» Work order: Below are the records; copy exactly the stretch from the line containing "Women's Leather Messenger" through the line containing "CHICME Summer Dresses", both ends included, and nothing else.
*** Opening of Excerpted records ***
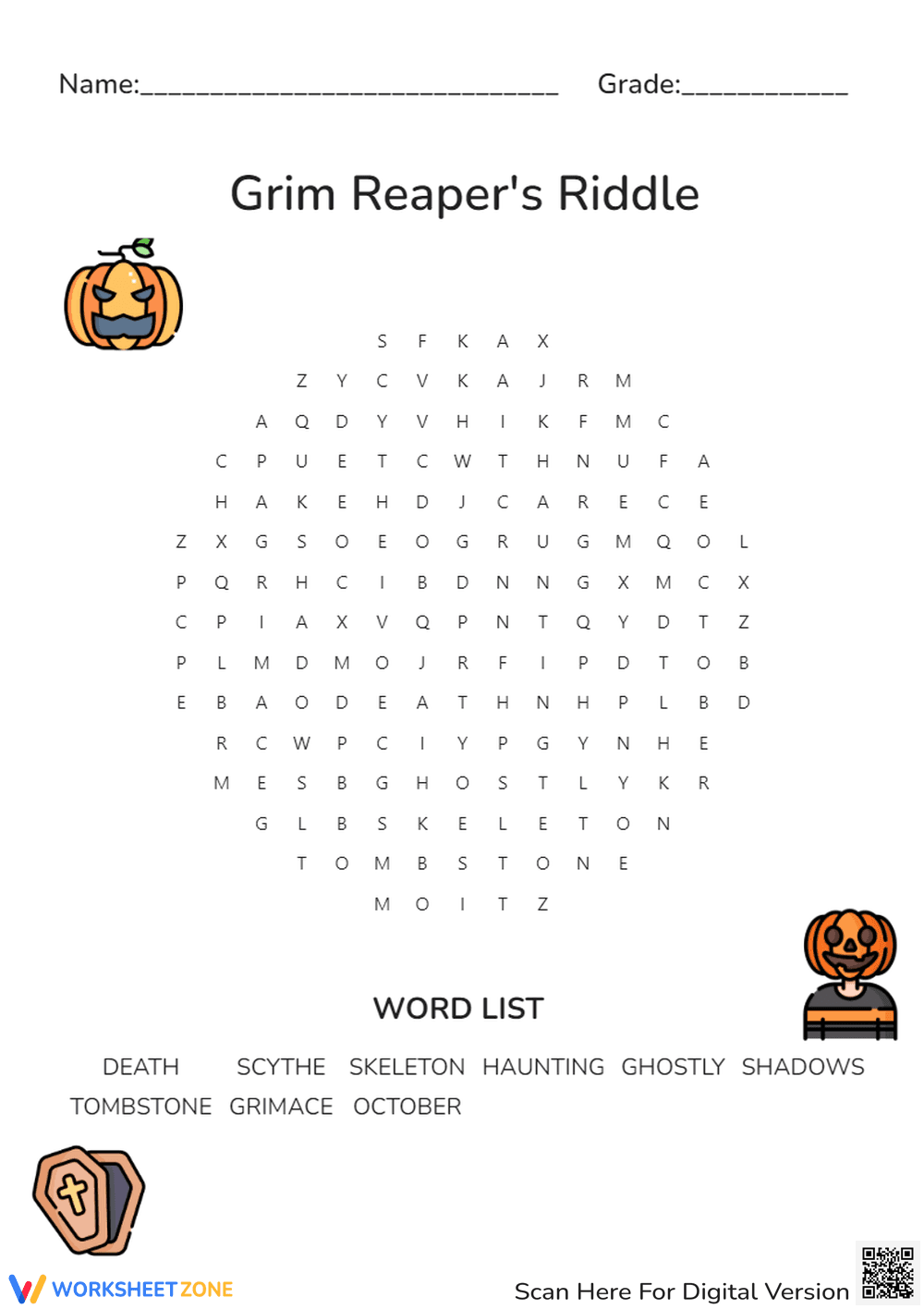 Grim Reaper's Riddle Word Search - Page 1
*** Close of Excerpted records ***
*** Opening of Excerpted records ***
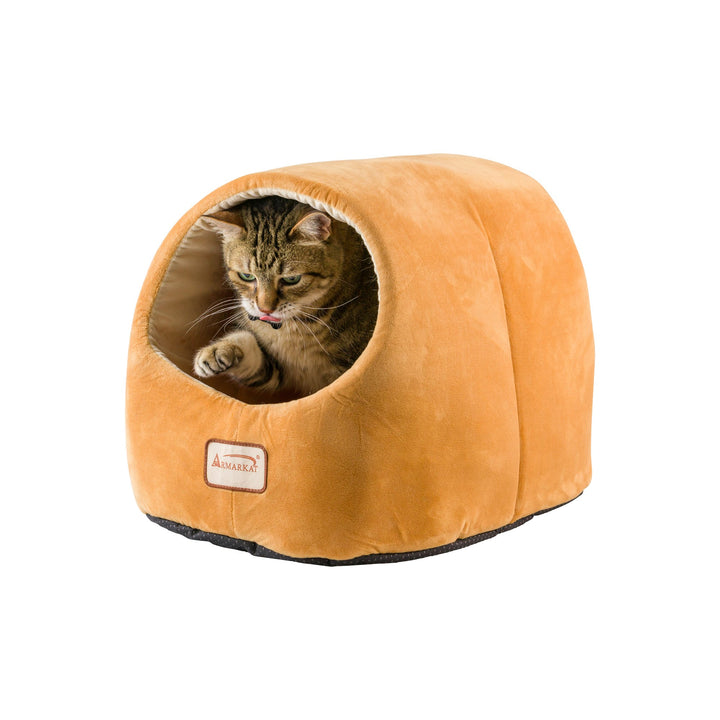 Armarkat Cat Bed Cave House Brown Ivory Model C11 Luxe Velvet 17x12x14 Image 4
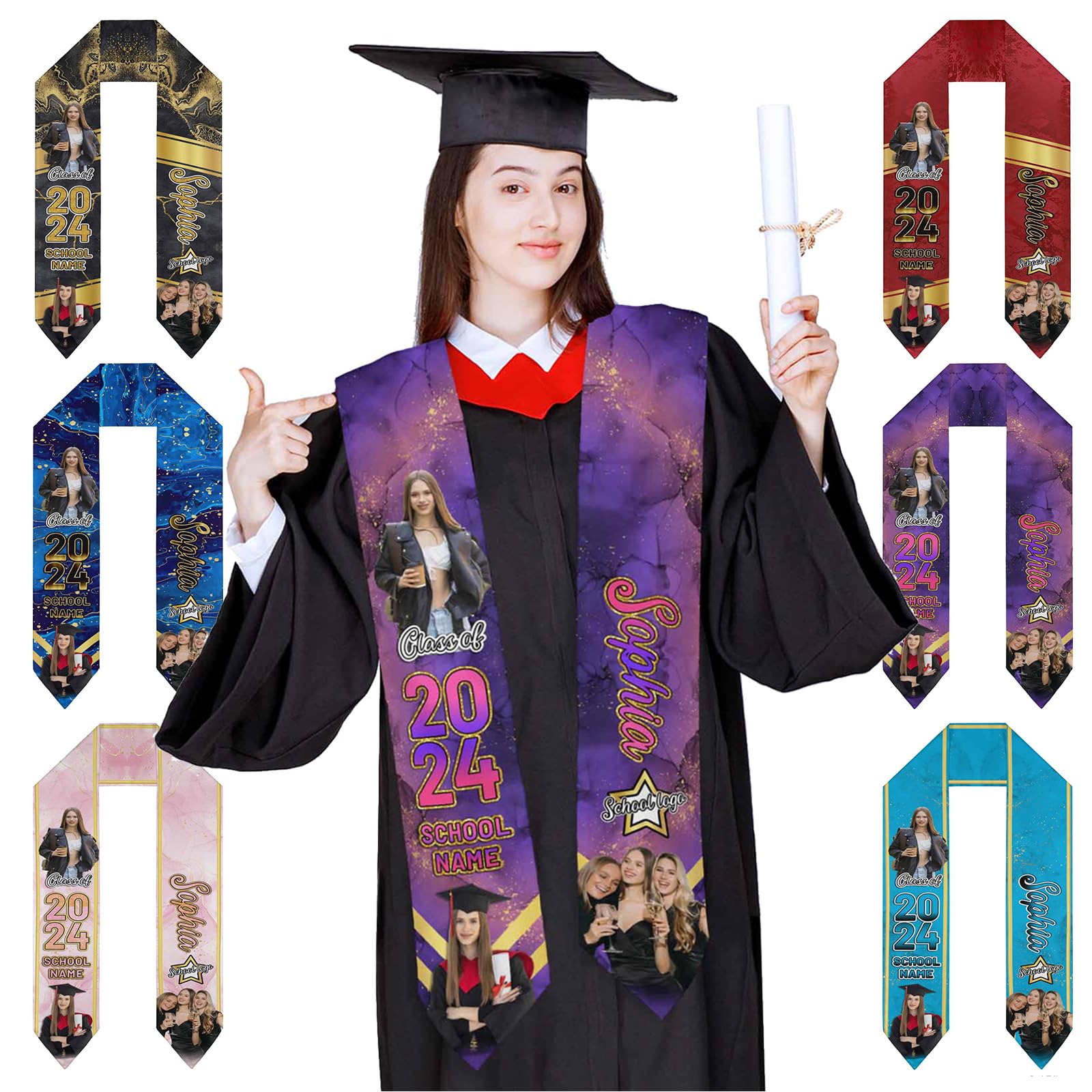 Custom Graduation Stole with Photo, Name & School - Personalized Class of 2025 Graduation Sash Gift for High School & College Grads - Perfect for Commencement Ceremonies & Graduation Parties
*** Close of Excerpted records ***
*** Opening of Excerpted records ***
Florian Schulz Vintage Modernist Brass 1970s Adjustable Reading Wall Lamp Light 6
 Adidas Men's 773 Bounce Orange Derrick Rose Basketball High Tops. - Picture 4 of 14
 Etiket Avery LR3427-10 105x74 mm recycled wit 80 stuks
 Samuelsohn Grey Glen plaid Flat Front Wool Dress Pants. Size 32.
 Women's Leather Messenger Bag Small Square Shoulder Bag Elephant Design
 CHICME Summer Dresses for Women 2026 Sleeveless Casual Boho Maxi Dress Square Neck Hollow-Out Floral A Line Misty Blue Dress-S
*** Close of Excerpted records ***
» Result of the exercise:
 Women's Leather Messenger Bag Small Square Shoulder Bag Elephant Design
 CHICME Summer Dresses for Women 2026 Sleeveless Casual Boho Maxi Dress Square Neck Hollow-Out Floral A Line Misty Blue Dress-S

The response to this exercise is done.